Khawarij memandang Ali, Mu’awiyah, Amr Ibn Al- ‘Ash, Abu Musa Al- ‘Asy’ari dan lain- lain yang menerima arbitrase adalah kafir.
Wa mal lam yahkkum..
وَمَنْ لَمْ يَحْكُمْ بِمَا أَنْزَلَ اللهُ فَأُولآءِكَ هُمُ الْكَافِلرُوْنَ
“Barang siapa tidak memutuskan dengan apa yang diturunkan Allah, maka mereka itulah orang- orang kafir.” [ al-maidah: 44]
Dari ayat inilah mereka mengambil semboyan Laa hukma illa lillah. Karena ke empat pemuka di atas telah dipandang kafir, maka kaum Khawarij mengambil keputusan untuk membunuh mereka berempat. Menurut sejarah hanya orang yang dibebani membunuh Ali bin Abi Thalib yang berhasil dalam tugasnya.
Lambat laun kaum Khawarij pecah menjadi beberapa sekte. Konsep kafir turut pula mengalami perubahan. Yang dipandang kafir bukan lagi hanya orang yang tidak menentukan hukum dengan Al- Qur’an, tetapi orang yang berbuat dosa besar juga dipandang kafir. Persoalan inilah yang kemudian mempunyai pengaruh besar dalam pertumbuhan telogi selanjutnya dalam Islam. Dan persoalan ini menimbulkan tiga aliran teologi dalam Islam, yaitu:
1.      Aliran Khawarij, yang mengatakan bahwa orang berdosa besar adalah kafir, dalam arti keluar dari Islam (murtad) dan oleh karena itu wajib dibunuh.
2.      Aliran Murji’ah, yang menegaskan bahwa orang yang berbuat dosa besar tetap masih mukmin dan bukan kafir. Adapun soal dosa yang dilakukannya, terserah kepada Allah Subhaanahu waTa’aala untuk mengampuni atau tidak mengampuni.
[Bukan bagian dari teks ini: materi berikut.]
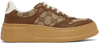 Gucci Textured Leather Sneakers With Branded Chunky Outsole In 2866 Hezelnut/bei.eb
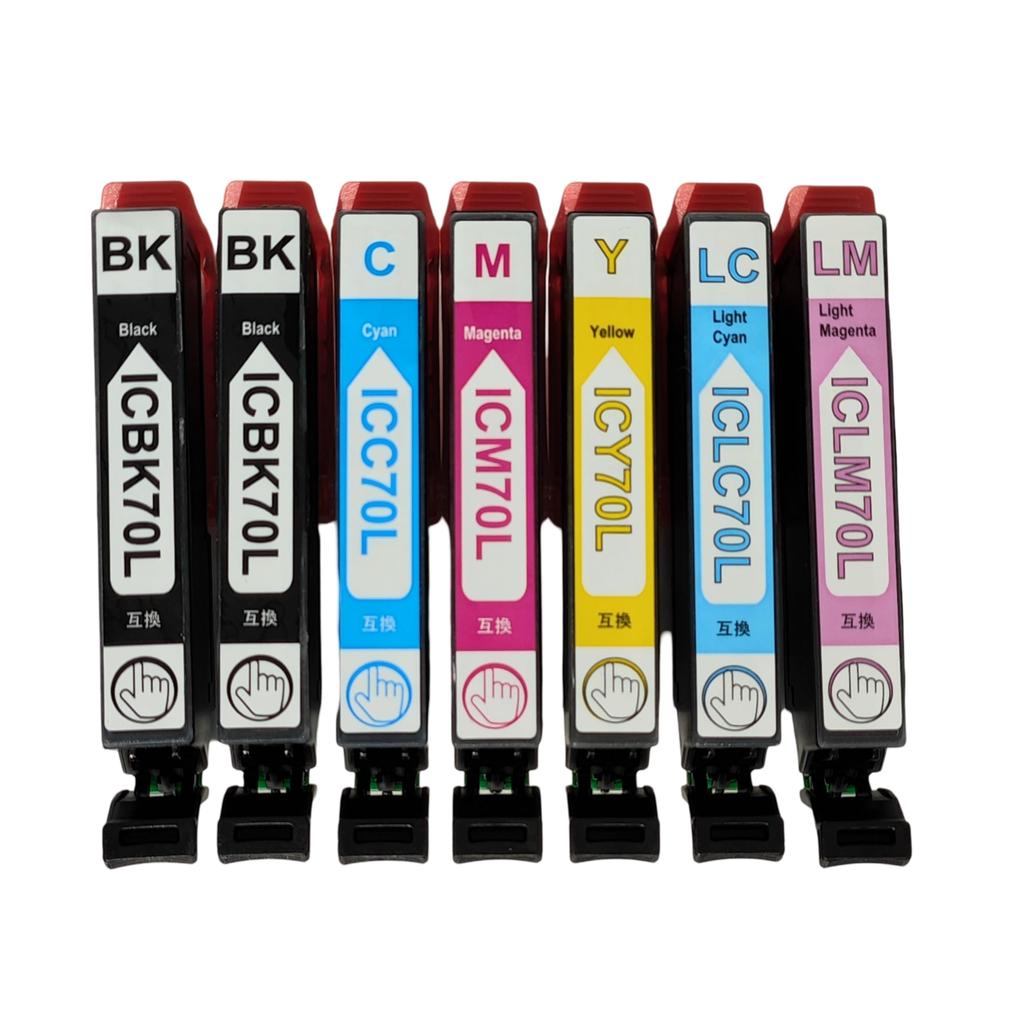 IC6CL70L 6 conjuntos para EPSON Tinta Compatível para Cartucho de Tinta Epson Compatível Chip EP IC instalado (cereja) cores, 7 peças (2 preto) modelos EP-315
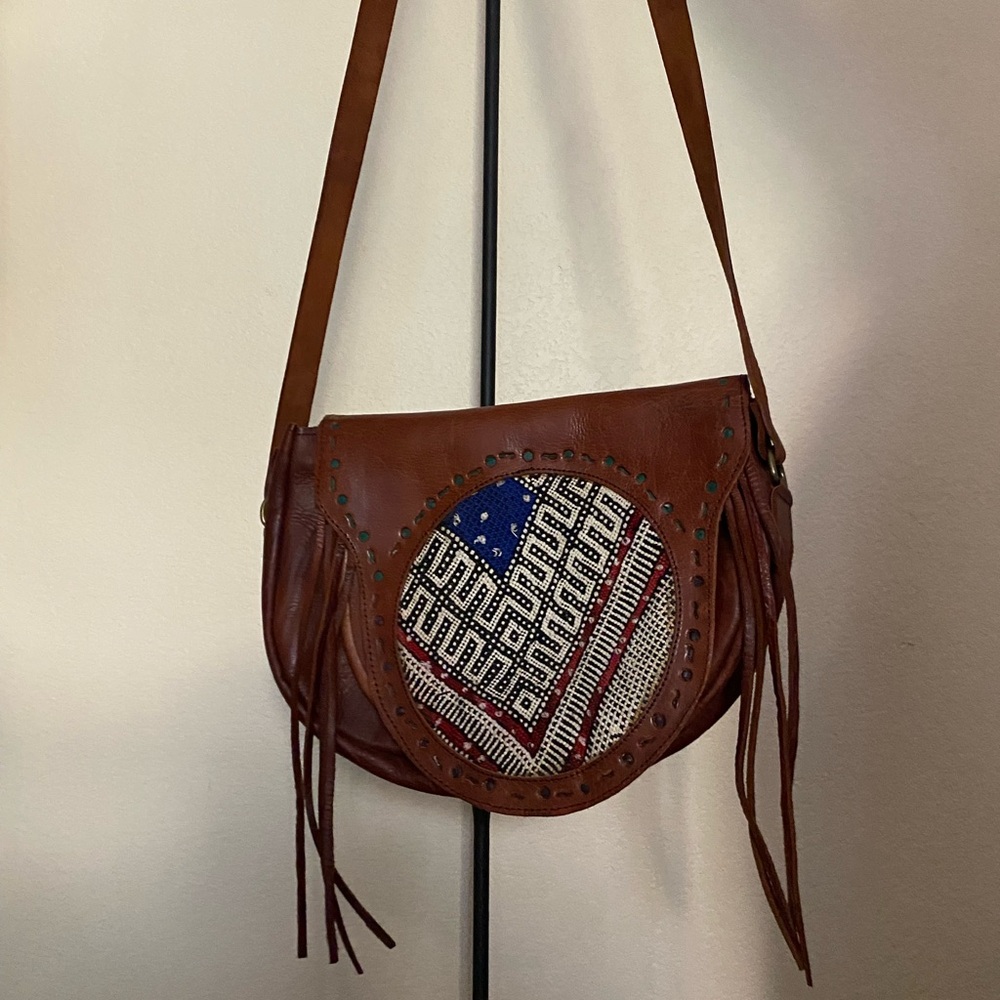 Brown Leather Fringe Crossbody Bag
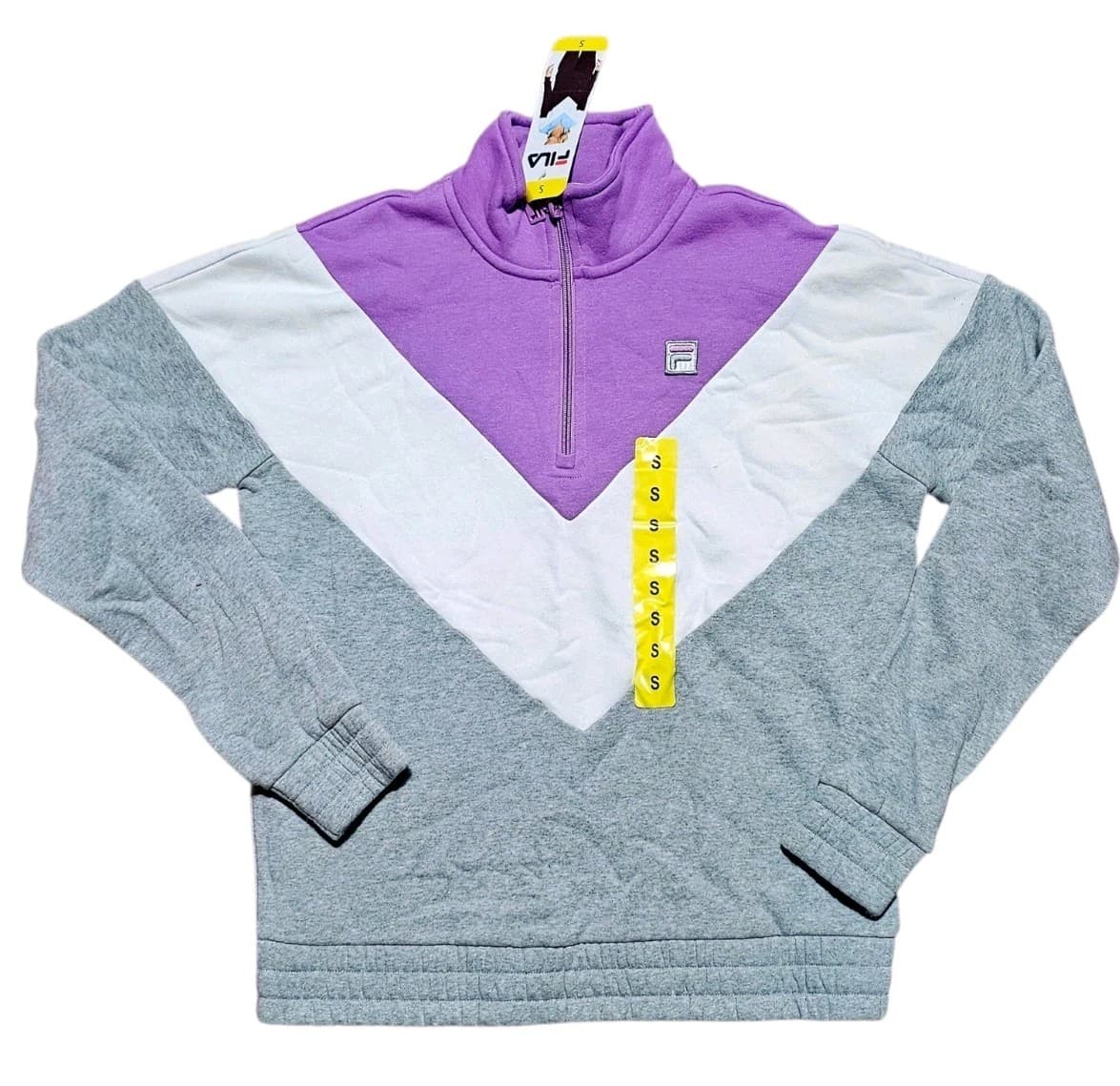 FILA Womens Size Small Gray & Purple Quarter Zip Pullover Sweatshirt Gym NWT - Thumbnail 2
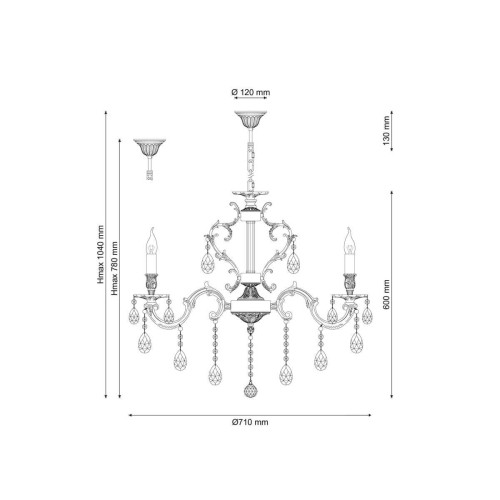 Подвесная люстра Lucia Tucci Barletta 1730.8 Antique изображение в интернет-магазине Cramer Light фото 3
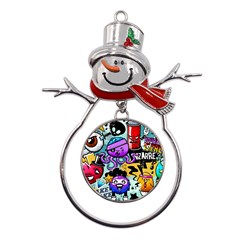 Cartoon Graffiti, Art, Black, Colorful Metal Snowman Ornament by nateshop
3.      Aliran Mu’tazilah, bagi mereka orang yang berdosa besar bukan kafir tetapi pula bukan mukmin. Orang serupa ini kata mereka mengambil posisi diantara ke dua posisi mukmin dan kafir yang dalam bahasa Arabnya terkenal dengan istilah al- manzilah bain al- manzilitain (posisi diantara dua posisi).
C.    Aliran Aliran Teologi Islam
1.      Kaum Khawarij
Kaum Khawarij terdiri atas  pengikut- pengikut  Ali bin  Abi Thalib yang meninggalkan barisannya, karena tidak setuju dengan sikap Ali bin Abi Thalib dalam menerima arbitrase sebagai jalan untuk menyelesaikan persengketaan tentang Khalifah dengan Mua’awiyah bin Abi Sufyan.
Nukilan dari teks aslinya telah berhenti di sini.